5. 将rel mapper文件缓存写入文件, 什么是rel mapper文件呢?

rel mapper存储了一些数据库全局对象和文件ID的映射关系,一般的对象这种关系存储在全局对象pg_class.relfilenode中。

 * For most tables, the physical file underlying the table is specified by  
 * pg_class.relfilenode.  However, that obviously won't work for pg_class  
 * itself, nor for the other "nailed" catalogs for which we have to be able  
 * to set up working Relation entries without access to pg_class.  It also  
 * does not work for shared catalogs, since there is no practical way to  
 * update other databases' pg_class entries when relocating a shared catalog.  
 * Therefore, for these special catalogs (henceforth referred to as "mapped  
 * catalogs") we rely on a separately maintained file that shows the mapping  
 * from catalog OIDs to filenode numbers.  Each database has a map file for  
 * its local mapped catalogs, and there is a separate map file for shared  
 * catalogs.  Mapped catalogs have zero in their pg_class.relfilenode entries.  

rel mapping文件名:

每个数据库有一个pg_filenode.map文件,全局还有一个pg_filenode.map文件。

这些文件分别放在表空间/database_oid/目录和global/目录下。

/*  
 * The map file is critical data: we have no automatic method for recovering  
 * from loss or corruption of it.  We use a CRC so that we can detect  
 * corruption.  To minimize the risk of failed updates, the map file should  
 * be kept to no more than one standard-size disk sector (ie 512 bytes),  
 * and we use overwrite-in-place rather than playing renaming games.  
 * The struct layout below is designed to occupy exactly 512 bytes, which  
 * might make filesystem updates a bit more efficient.  
 *  
 * Entries in the mappings[] array are in no particular order.  We could  
 * speed searching by insisting on OID order, but it really shouldn't be  
 * worth the trouble given the intended size of the mapping sets.  
 */  
#define RELMAPPER_FILENAME              "pg_filenode.map"  
CheckPointRelationMap@src/backend/utils/cache/relmapper.c  
/*  
 * CheckPointRelationMap  
 *  
 * This is called during a checkpoint.  It must ensure that any relation map  
 * updates that were WAL-logged before the start of the checkpoint are  
 * securely flushed to disk and will not need to be replayed later.  This  
 * seems unlikely to be a performance-critical issue, so we use a simple  
 * method: we just take and release the RelationMappingLock.  This ensures  
 * that any already-logged map update is complete, because write_relmap_file  
 * will fsync the map file before the lock is released.  
 */  
void  
CheckPointRelationMap(void)  
{  
        LWLockAcquire(RelationMappingLock, LW_SHARED);  // 隐式fsync, 加锁前会自动完成fsync.  
        LWLockRelease(RelationMappingLock);  
}  

6. 将流复制replication slots信息刷到pg_replslot目录下对应的文件中。
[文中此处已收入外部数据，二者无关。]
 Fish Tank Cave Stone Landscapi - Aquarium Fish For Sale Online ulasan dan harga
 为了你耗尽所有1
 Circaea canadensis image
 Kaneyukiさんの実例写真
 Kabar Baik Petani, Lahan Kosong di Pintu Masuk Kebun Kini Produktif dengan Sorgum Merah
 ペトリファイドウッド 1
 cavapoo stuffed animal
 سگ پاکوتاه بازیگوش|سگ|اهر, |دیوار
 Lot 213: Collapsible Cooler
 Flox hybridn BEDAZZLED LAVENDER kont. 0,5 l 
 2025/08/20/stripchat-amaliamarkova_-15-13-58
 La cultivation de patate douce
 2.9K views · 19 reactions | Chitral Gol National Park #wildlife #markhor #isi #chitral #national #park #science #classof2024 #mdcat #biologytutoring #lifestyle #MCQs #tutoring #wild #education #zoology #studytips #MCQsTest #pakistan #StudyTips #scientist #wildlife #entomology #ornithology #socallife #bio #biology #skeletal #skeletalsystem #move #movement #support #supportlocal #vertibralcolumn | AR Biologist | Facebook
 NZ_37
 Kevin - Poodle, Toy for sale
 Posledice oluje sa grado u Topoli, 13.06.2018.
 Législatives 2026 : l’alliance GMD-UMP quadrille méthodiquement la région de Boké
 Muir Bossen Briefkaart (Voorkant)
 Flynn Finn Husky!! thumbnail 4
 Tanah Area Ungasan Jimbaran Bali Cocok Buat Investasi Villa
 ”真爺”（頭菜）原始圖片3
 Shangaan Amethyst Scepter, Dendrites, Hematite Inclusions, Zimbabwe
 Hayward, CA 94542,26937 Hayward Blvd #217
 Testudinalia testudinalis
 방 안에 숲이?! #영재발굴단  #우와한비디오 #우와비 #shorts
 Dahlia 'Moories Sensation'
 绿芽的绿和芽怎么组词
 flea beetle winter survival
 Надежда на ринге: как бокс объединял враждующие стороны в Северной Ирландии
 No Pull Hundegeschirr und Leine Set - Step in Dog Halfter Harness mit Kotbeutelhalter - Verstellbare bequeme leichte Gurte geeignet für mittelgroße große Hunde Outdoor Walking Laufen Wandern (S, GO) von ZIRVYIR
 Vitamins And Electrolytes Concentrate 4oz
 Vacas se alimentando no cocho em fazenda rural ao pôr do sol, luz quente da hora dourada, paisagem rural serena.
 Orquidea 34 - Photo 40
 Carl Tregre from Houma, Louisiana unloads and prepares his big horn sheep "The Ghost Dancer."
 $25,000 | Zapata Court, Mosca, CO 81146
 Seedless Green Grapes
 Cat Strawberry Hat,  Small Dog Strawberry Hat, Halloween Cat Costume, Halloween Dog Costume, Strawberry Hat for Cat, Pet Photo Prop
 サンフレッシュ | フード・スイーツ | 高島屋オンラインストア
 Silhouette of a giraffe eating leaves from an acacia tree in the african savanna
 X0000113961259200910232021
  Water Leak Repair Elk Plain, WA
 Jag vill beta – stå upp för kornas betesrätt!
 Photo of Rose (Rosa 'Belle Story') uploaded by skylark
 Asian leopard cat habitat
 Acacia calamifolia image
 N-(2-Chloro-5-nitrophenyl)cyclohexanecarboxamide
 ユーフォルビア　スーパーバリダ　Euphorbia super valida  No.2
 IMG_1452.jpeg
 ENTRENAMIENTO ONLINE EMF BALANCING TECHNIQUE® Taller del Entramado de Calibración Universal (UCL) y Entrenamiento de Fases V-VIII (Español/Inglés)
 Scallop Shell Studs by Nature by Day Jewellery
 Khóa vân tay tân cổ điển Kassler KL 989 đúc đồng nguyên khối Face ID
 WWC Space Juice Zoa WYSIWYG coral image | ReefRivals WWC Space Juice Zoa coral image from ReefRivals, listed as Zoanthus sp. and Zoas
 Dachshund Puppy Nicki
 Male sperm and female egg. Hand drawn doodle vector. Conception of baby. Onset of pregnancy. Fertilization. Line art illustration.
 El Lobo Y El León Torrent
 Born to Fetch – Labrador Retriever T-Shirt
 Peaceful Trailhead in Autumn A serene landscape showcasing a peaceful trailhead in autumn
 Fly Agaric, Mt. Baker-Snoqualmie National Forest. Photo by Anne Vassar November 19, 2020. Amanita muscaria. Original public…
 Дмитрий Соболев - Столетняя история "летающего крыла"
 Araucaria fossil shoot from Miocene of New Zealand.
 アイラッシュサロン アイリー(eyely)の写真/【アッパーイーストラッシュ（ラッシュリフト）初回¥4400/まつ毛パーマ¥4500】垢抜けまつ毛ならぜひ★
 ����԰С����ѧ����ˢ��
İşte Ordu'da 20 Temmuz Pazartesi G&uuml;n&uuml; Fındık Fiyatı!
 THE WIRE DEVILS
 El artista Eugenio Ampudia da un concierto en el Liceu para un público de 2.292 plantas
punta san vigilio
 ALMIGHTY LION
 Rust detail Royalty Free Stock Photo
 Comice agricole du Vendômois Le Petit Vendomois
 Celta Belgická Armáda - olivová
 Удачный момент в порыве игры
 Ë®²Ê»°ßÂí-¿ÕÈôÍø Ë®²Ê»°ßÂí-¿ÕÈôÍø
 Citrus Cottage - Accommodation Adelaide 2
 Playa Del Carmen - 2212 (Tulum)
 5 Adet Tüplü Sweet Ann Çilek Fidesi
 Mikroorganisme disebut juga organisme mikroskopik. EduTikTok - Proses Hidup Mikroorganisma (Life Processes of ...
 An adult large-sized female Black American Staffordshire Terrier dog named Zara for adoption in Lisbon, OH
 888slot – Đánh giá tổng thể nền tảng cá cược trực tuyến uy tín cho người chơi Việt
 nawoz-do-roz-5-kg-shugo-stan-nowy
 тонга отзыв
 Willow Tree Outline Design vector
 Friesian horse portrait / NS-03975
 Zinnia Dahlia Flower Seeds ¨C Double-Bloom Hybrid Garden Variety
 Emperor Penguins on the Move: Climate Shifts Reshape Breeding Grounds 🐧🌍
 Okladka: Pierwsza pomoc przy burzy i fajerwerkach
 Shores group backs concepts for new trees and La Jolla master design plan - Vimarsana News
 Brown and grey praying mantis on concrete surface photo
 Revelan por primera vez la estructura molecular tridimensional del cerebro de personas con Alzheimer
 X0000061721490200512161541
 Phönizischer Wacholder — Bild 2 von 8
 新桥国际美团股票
CheckPointReplicationSlots@src/backend/replication/slot.c

/*  
 * Flush all replication slots to disk.  
 *  
 * This needn't actually be part of a checkpoint, but it's a convenient  
 * location.  
 */  
void  
CheckPointReplicationSlots(void)  
{  
        int                     i;  
  
        elog(DEBUG1, "performing replication slot checkpoint");  
  
        /*  
         * Prevent any slot from being created/dropped while we're active. As we  
         * explicitly do *not* want to block iterating over replication_slots or  
         * acquiring a slot we cannot take the control lock - but that's OK,  
         * because holding ReplicationSlotAllocationLock is strictly stronger, and  
         * enough to guarantee that nobody can change the in_use bits on us.  
         */  
        LWLockAcquire(ReplicationSlotAllocationLock, LW_SHARED);  
  
        for (i = 0; i < max_replication_slots; i++)  
        {  
                ReplicationSlot *s = &ReplicationSlotCtl->replication_slots[i];  
                char            path[MAXPGPATH];  
  
                if (!s->in_use)  
                        continue;  
  
                /* save the slot to disk, locking is handled in SaveSlotToPath() */  
                sprintf(path, "pg_replslot/%s", NameStr(s->data.name));  
                SaveSlotToPath(s, path, LOG);  
        }  
        LWLockRelease(ReplicationSlotAllocationLock);  
}  

7. 逻辑复制相关的脏数据,刷入pg_logical/snapshots目录下对应的文件。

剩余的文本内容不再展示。